Shiphrah ( ) and Puah ( ) were two midwives who briefly prevented a genocide of children by the Egyptians, according to Exodus 1:15–21.  According to the Exodus narrative, they were commanded by the King of Egypt, or Pharaoh, to kill all male Hebrew babies, but they refused to do so. When challenged by the Pharaoh, they told him that Hebrew women's labour was short-lived because they were 'lively' or 'vigorous', and therefore the babies had been born (and protected) before the midwives arrived. God "dealt well with the midwives" and "made them houses".

Exodus 1:15–1:21

15 And the king of Egypt spoke to the Hebrew midwives, of whom the name of the one was Shiphrah, and the name of the other Puah;
16 and he said: 'When ye do the office of a midwife to the Hebrew women, ye shall look upon the birthstool: if it be a son, then ye shall kill him; but if it be a daughter, then she shall live.'
17 But the midwives feared God, and did not as the king of Egypt commanded them, but saved the men-children alive.
18 And the king of Egypt called for the midwives, and said unto them: 'Why have ye done this thing, and have saved the men-children alive?'
19 And the midwives said unto Pharaoh: 'Because the Hebrew women are not as the Egyptian women; for they are lively, and are delivered ere the midwife come unto them.'
20 And God dealt well with the midwives; and the people multiplied, and waxed very mighty.
21 And it came to pass, because the midwives feared God, that He made them houses.

Interpretations

The Talmud [Sotah 11b] identifies Shiphrah with Jochebed, the mother of Moses, and Puah with Miriam, Moses' sister, making the two midwives mother and daughter respectively.

"The midwives feared God"

The Torah has no word for religion.  The closest related concept found in the Torah is what it calls "the fear of God" (Exod. 1:17).
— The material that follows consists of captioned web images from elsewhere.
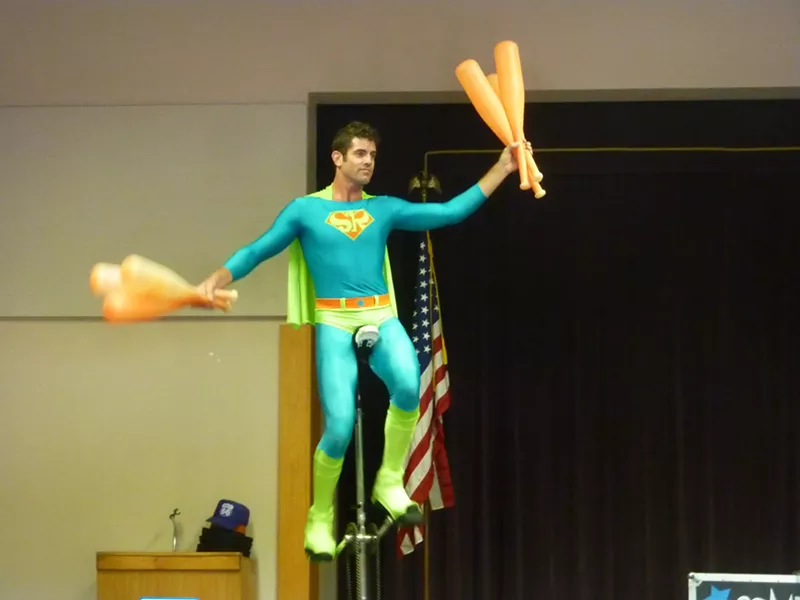 JUGGLING SUPER HEROES : Juggling troupe Something Ridiculous is one of many guests who liven up the county’s libraries as part of the Summer Reading Program. - PHOTO COURTESY OF SAN LUIS OBISPO COUNTY LIBRARY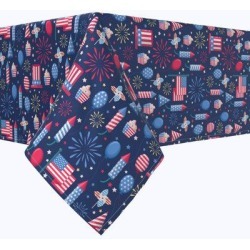 The Holiday Aisle® Fawnia Geometric Square Independence Day Tablecloth Polyester in Blue/Gray/Red, Size 84.0 D in | Wayfair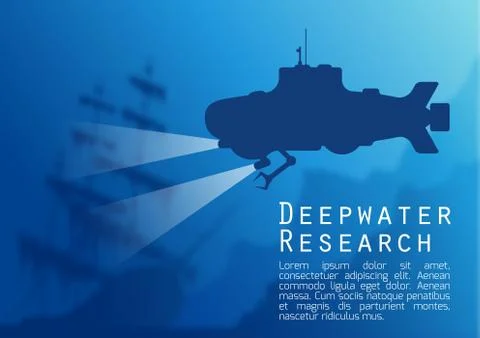 Blurred underwater background with submarine Stock Illustration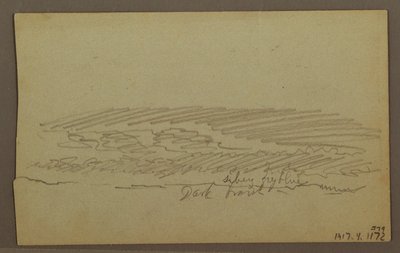 Dibujo, Estudio del cielo, crestas montañosas, arco iris, década de 1860 de Frederic Edwin Church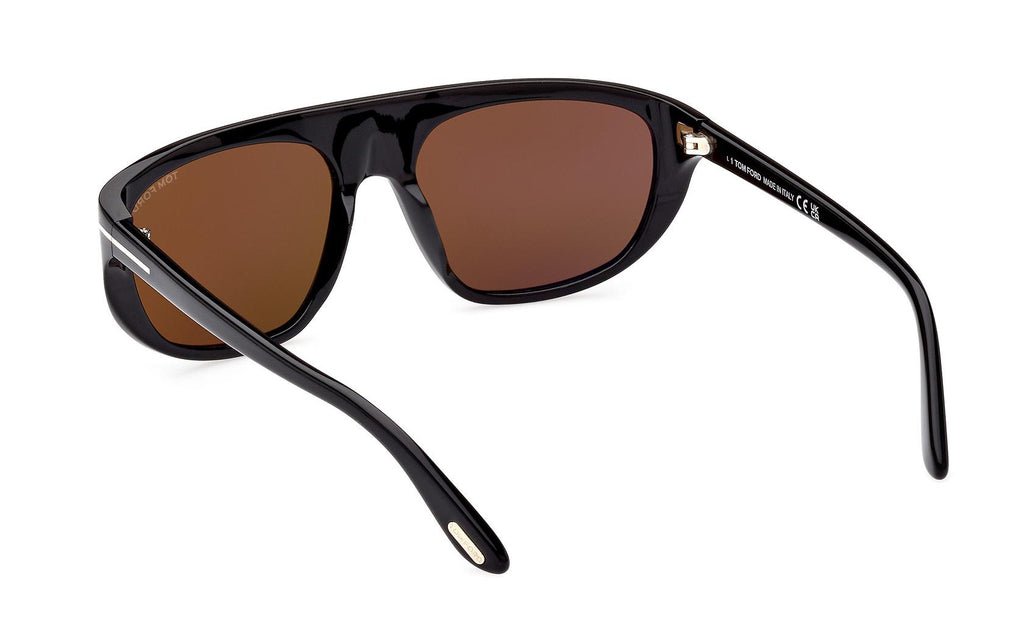 Tom Ford Edward02 FT1002 01J Sunglasses - Black Frame, Roviex Lenses Edward-02 Shiny Black / Roviex main image 2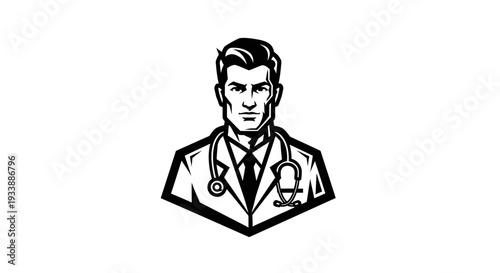 Male Doctor Cartoon Character Illustration.
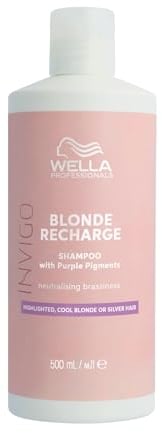 Wella Professionals Invigo Blonde Recharge Shampoo – Silbershampoo für blondiertes Haar – entfernt Gelbstich und belebt Blondtöne – mit Vitamin E – 500 ml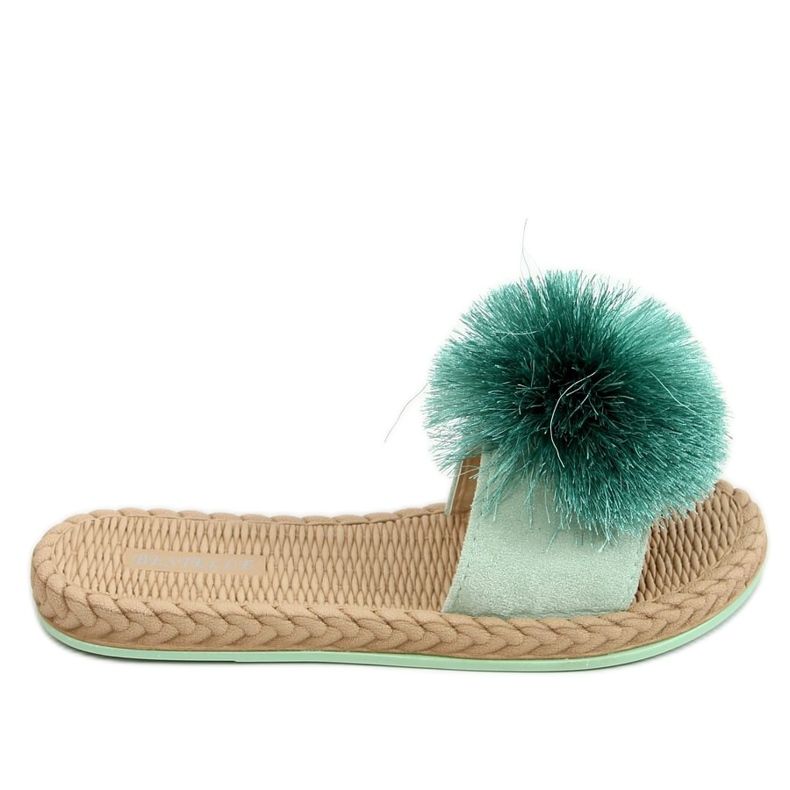 Papuci de menta cu pompon S-410 Verde Papuci de menta cu pompon S-410 Verde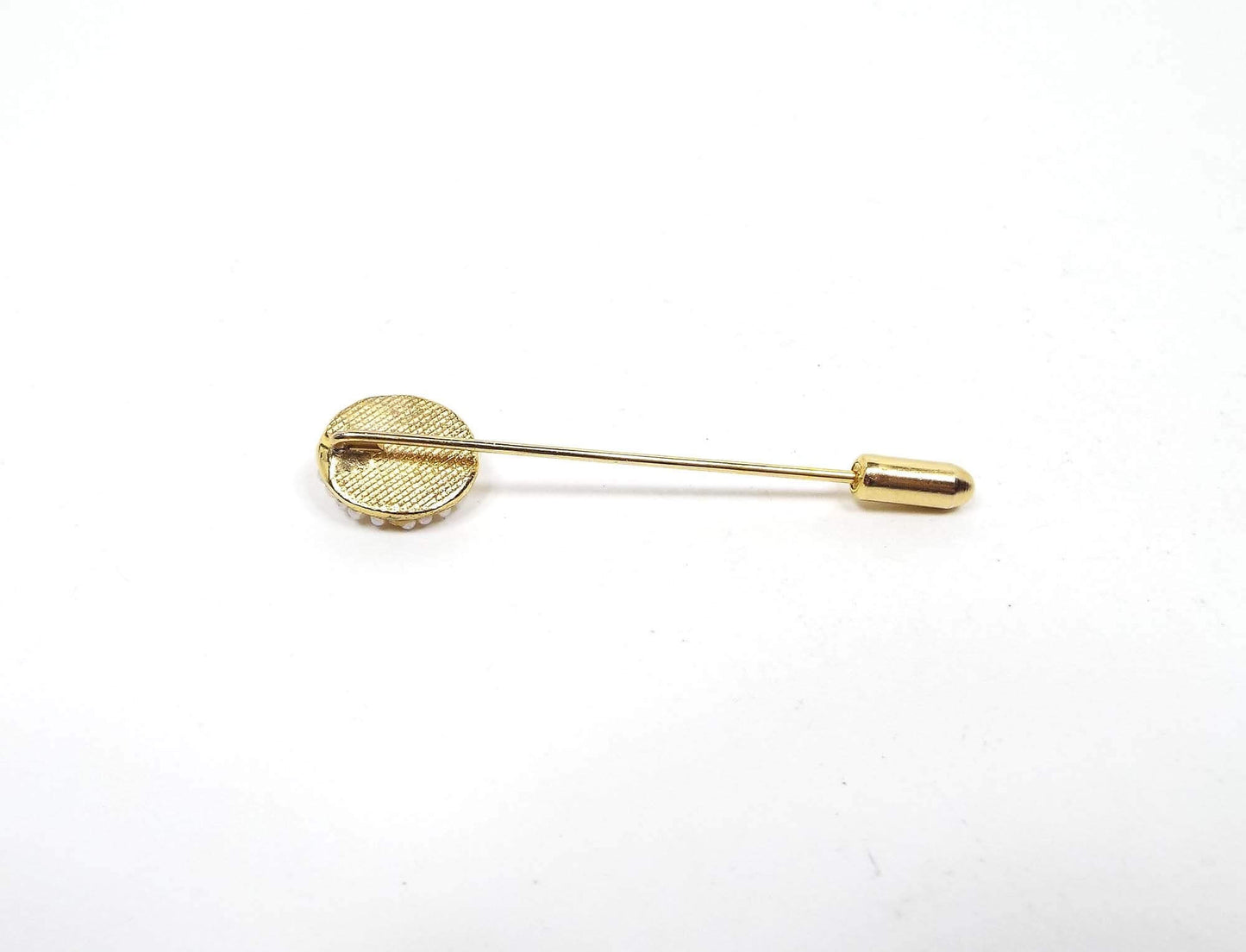 Floral Vintage Stick Pin with Mother of Pearl Cab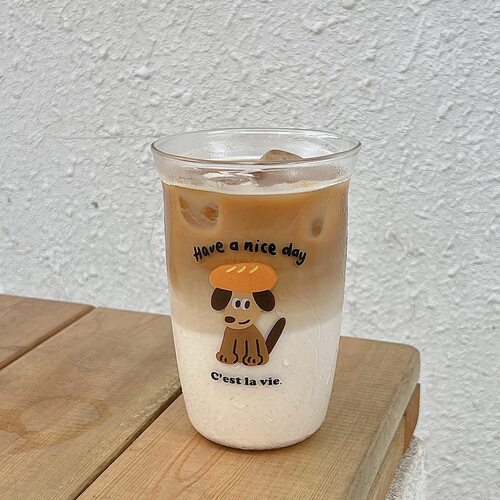 卡通可爱ins风玻璃冷萃咖啡杯情侣水杯玻璃杯大容量喝水杯子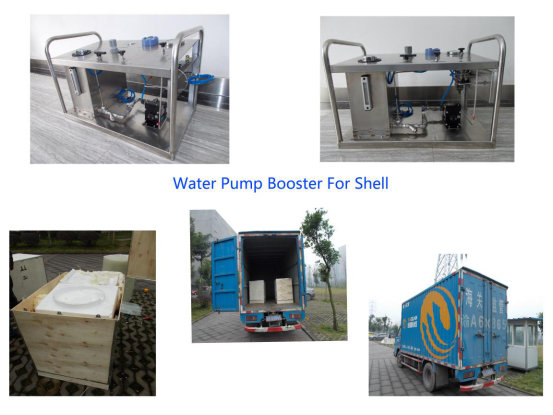 Two units of water booster pumps customized for Shell are packaged for shipping.
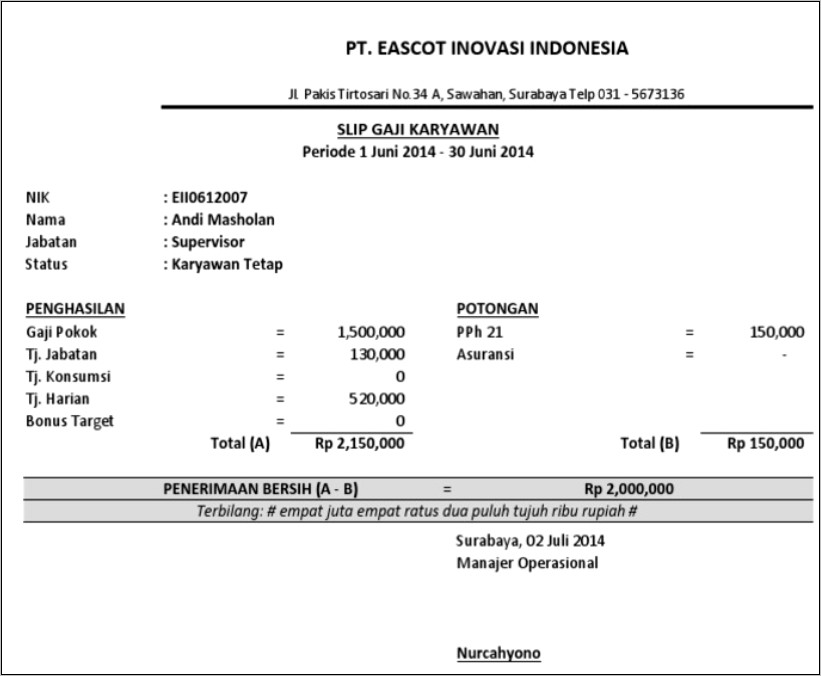 Contoh Surat Keterangan Gaji Sederhana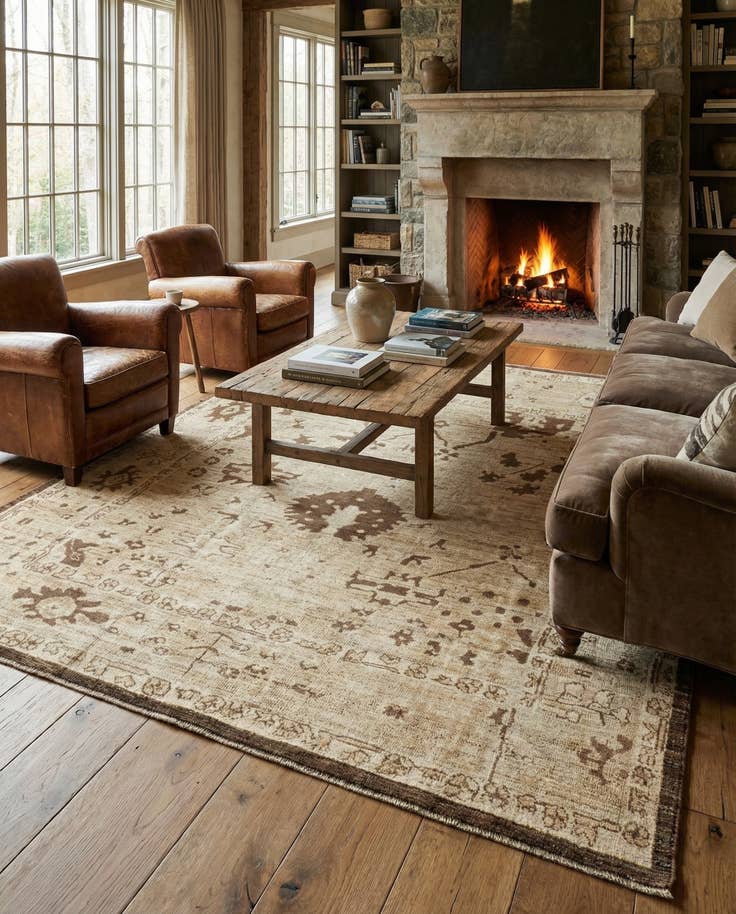 Detail image of 8' 3 x 10' 2 Hand Knotted Oushak Wool Rug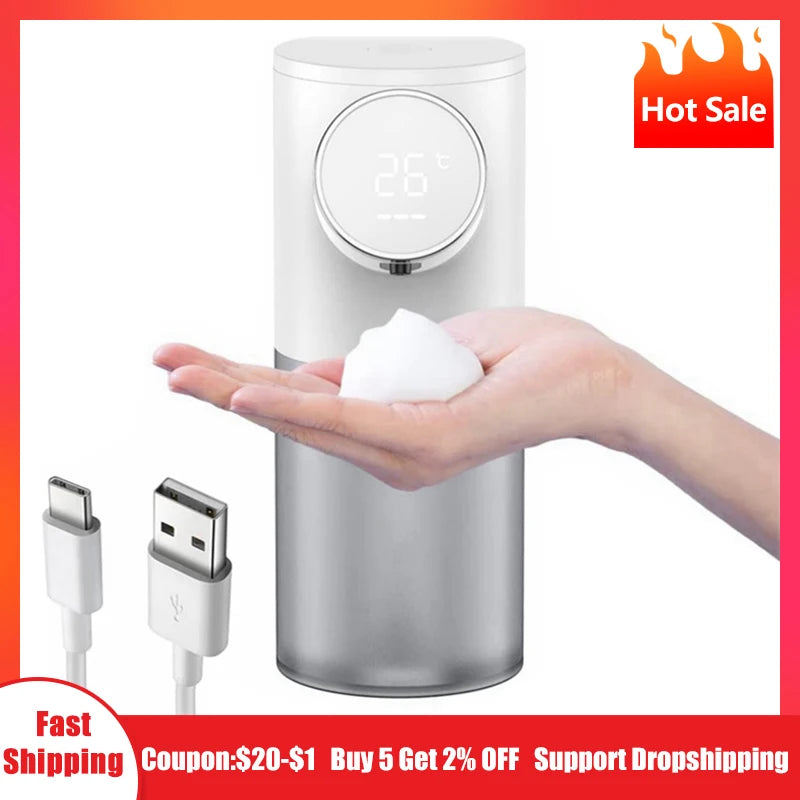 Foam Soap Dispenser Automatic USB Rechargeable 320ml Liquid Soap Dispensers Digital Display Foam Hand Sanitizer Machine For Home Oasis Select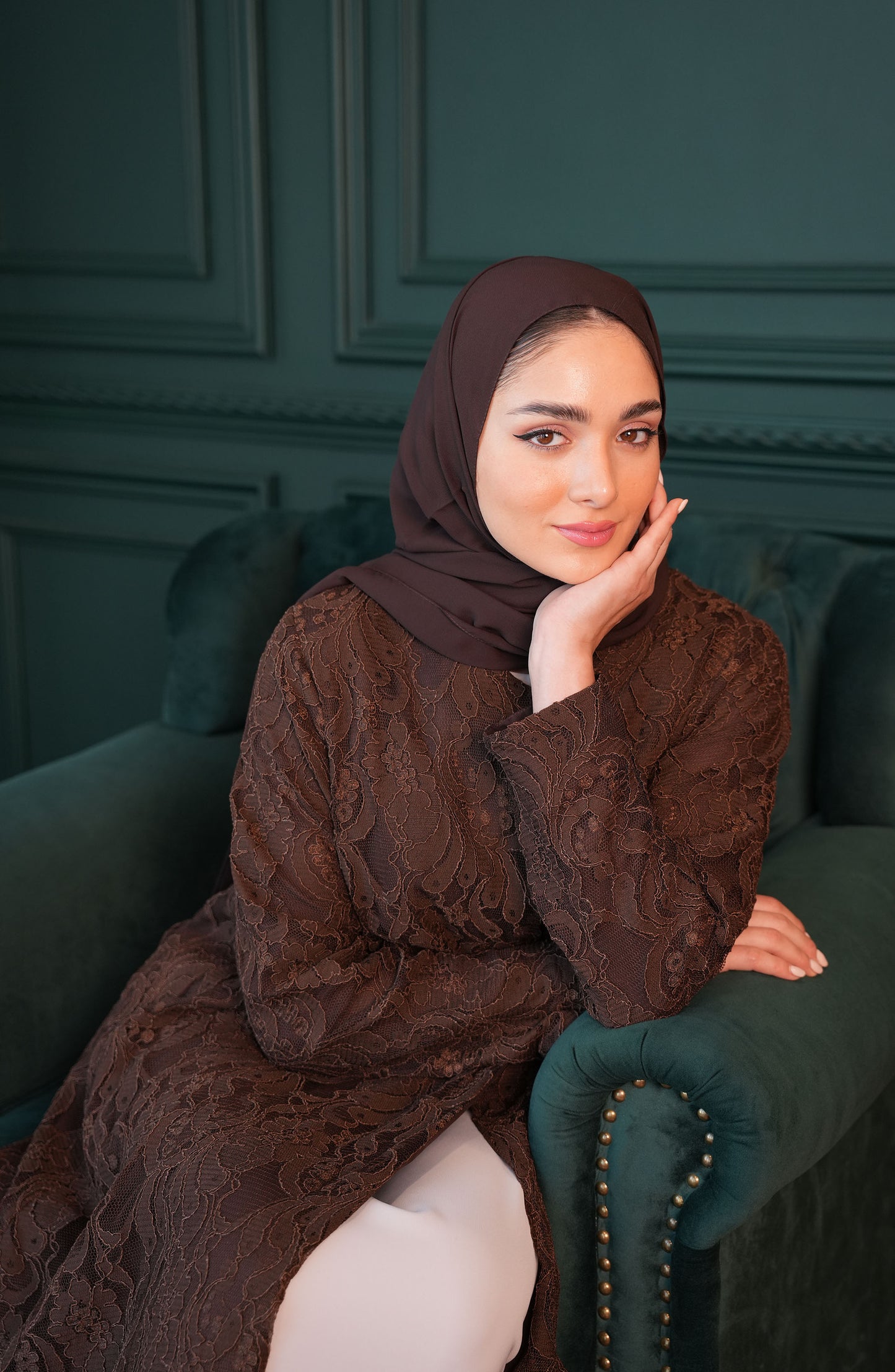 Lace Abaya with chiffon lining Brown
The midwives apparently believed that God's moral demands outweighed Pharaoh's legal demands.  For this reason, author Francine Klagsbrun said that the midwives' refusal to follow the Pharaoh's genocidal instructions "may be the first known incident of civil disobedience in history." Theologian Jonathan Magonet agrees, calling them "the earliest, and in some ways the most powerful, examples, of resistance to an evil regime".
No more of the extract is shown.